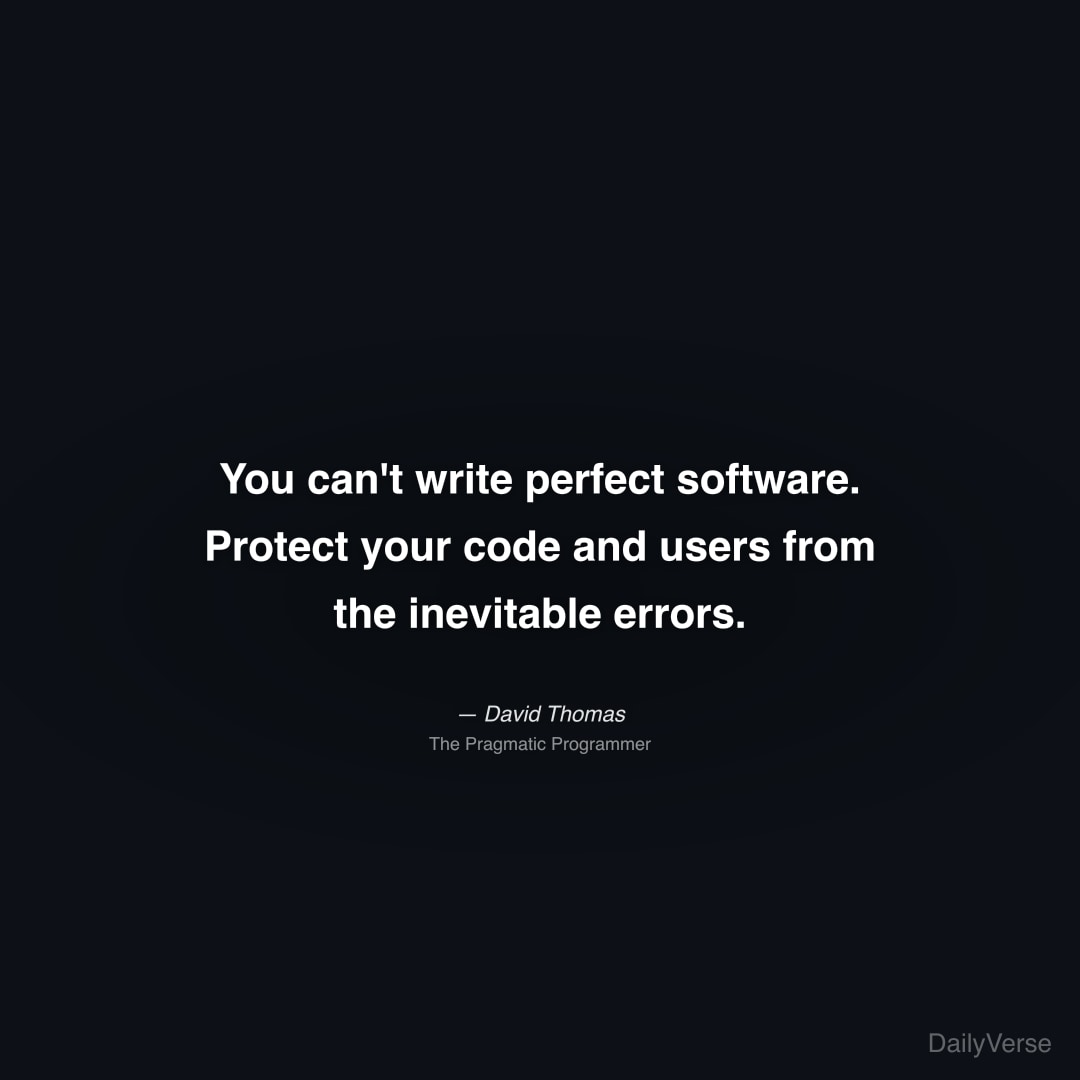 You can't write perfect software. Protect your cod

--

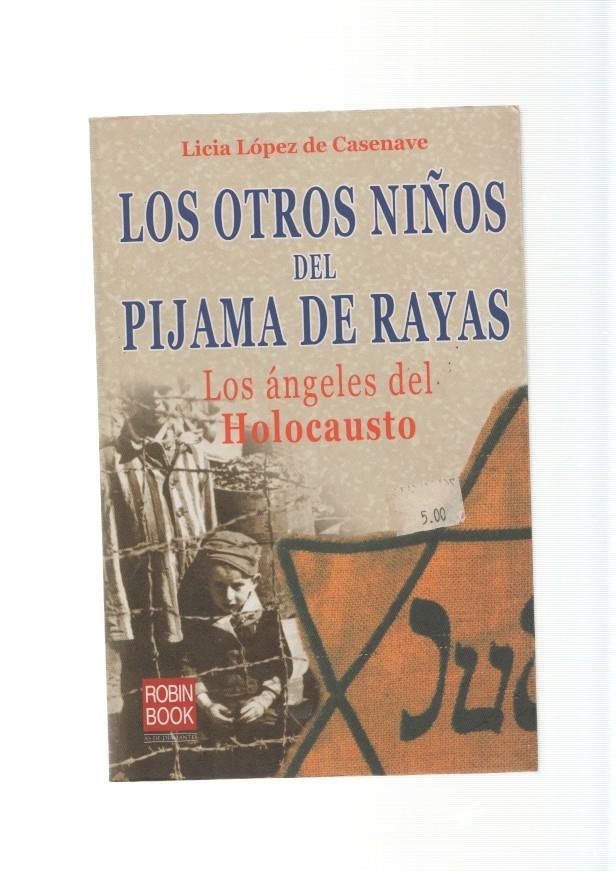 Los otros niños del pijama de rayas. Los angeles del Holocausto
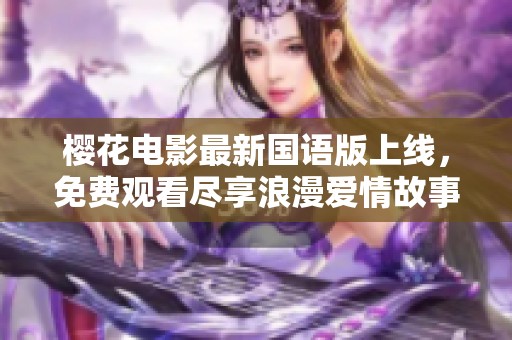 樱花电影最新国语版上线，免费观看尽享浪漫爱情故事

* Work to be completed: Find where the line with "Los otros niños" sits in the material above and where the line with "樱花电影最新国语版上线，免费观看尽享浪漫爱情故事" sits. Set down exactly the lines from the first to the second, both included and nothing else, without pictures.

* Completed exercise:
 Los otros niños del pijama de rayas. Los angeles del Holocausto
 樱花电影最新国语版上线，免费观看尽享浪漫爱情故事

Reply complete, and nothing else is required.